COMMENT
The call to reopen Tiritiri Matangi Island's lighthouse to visitors is surely a minor concern amid larger stories of suffering and deprivation. Yet perhaps we might pause to reflect on the significance of this and other landmarks around the coast.
Since the 1860s Tiri's light has winked across the Hauraki Gulf, having been assembled as a cast-iron kitset from England.
Auckland's closest lighthouse was open to the public for 130 years until the Maritime Safety Authority closed it in 1995.
Amid the sweeping reforms of the 1980s, Tiritiri and other lighthouses were demanned, after a number of distinguished lighthouse-keepers and their families had guarded the coast. Tiritiri Matangi's extraordinary reinvention as a wildlife sanctuary has ensured the maintenance of a human presence, while most other lighthouse locations remain lonely and abandoned outposts.

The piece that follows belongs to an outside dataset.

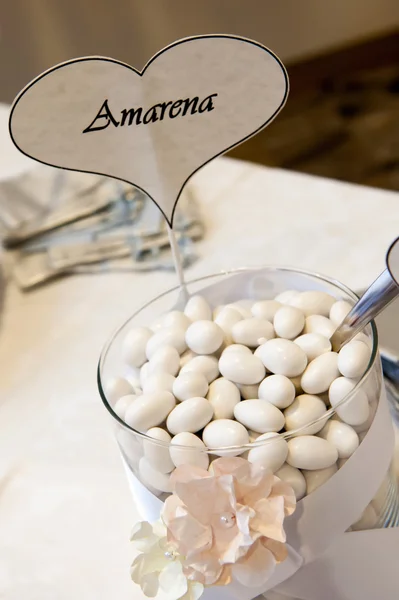 White wedding confetti — Stock Photo, Image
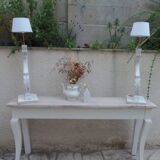 Console with a weathered grey cotton base, top in bleached walnut.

Just as extraordinary, perhaps, is that the founding Department of Conservation ranger, Ray Walter, was also the last lighthouse-keeper. As regular weekend volunteers, a favourite ploy of ours has been to invite him to recount yarns from his keeper days.
The attentiveness of adults and children alike has spoken of the universal fascination with the lighthouse-keeper's life. Little wonder, then, that Walter supports the reopening of the light.
Tiritiri is classified as an "open sanctuary". This term reflects an ethos of public access and an ability to walk through bird habitats - one step beyond looking into aviaries. Surely the same ethos should be applied to cultural heritage? Looking at a lighthouse is a two-dimensional experience compared with entering the space within.
I count myself among the lucky ones to have known Tiri as a more open sanctuary than it is today. Until the lighthouse door was closed, weekend visits were always punctuated by ascending the tower to gaze over the gulf, to watch the beam's wide sweep by night. Lighthouse towers are famous for their acoustics, and one evening the more tuneful in our group put the tower to the test and sang a cappella 20m up.
But why the allure of lighthouses? Waiheke journalist Simon Johnston speaks of their eerie romanticism as both guiding light and danger signal. In suggesting safety as well as peril, these sentinels remind us of our fragile claim upon the coast.
They loom large within our cultural landscape as icons built before satellites and radar. As such, they constitute national heritage that begs being experienced, not just conserved.
Of course, lighthouses are still sites of practical significance to seafarers and cannot be left prone to random entry. The Maritime Safety Authority is rightly cautious about pleas to restore public entry, given its role of keeping the coastline safe. But land-based health and safety concerns are cited as ruling guided visits out of bounds. The spectre of Cave Creek understandably casts a long shadow over public agencies.
Is it a coincidence that lighthouses were closed to public entry the same year as that tragedy? And is our risk-averse society robbing citizens of the chance to know and to grow from experiences of places that are literally on the edge?
Carefully managed inspection is surely as reasonable as visits by school children to fire stations or factories. Our world is widened when we see inside workplaces. There is a natural curiosity about what makes things tick.
Lighthouses are no ordinary buildings. If they were, would they have inspired so many books? (Our children's favourite is The Lighthouse-Keeper's Cat; on another shelf is Virginia Woolf's To the Lighthouse).
They are outstanding sites to which people make pilgrimages as if they were shrines. (At New Year, we drove the dusty road to Cape Palliser and joined others climbing the 254 steps to the lighthouse).
Lighthouses are special buildings in special places. They remind us of the paradox that strength and vulnerability can co-exist on the coast, as well as in ourselves. Their bold paintwork towers its way into secular mythology, bestowing a curiosity to peek within and see the inner sanctum of cogs and prisms.
While our national nature conservation efforts are world-class, we lag in cultural conservation. To know ourselves we need a range of living landscapes that speak to our past and present.
Tiritiri Matangi has become a Mecca for visitors seeking a close encounter with bush and birds. As its restoration matures, Tiri is becoming an expression of the way New Zealand once was and, in places, can still be.
As Auckland's closest lighthouse, looking at Tiri's tower is central to the visitor experience - more real than any exhibition or museum display. Its light, like other accessible ones in New Zealand can, and should be, reopened for controlled public viewing.
Through unlocking the door, we can cast light on our heritage as well as our vulnerability as a coastal people.
* Robin Kearns is an associate professor of geography at Auckland University.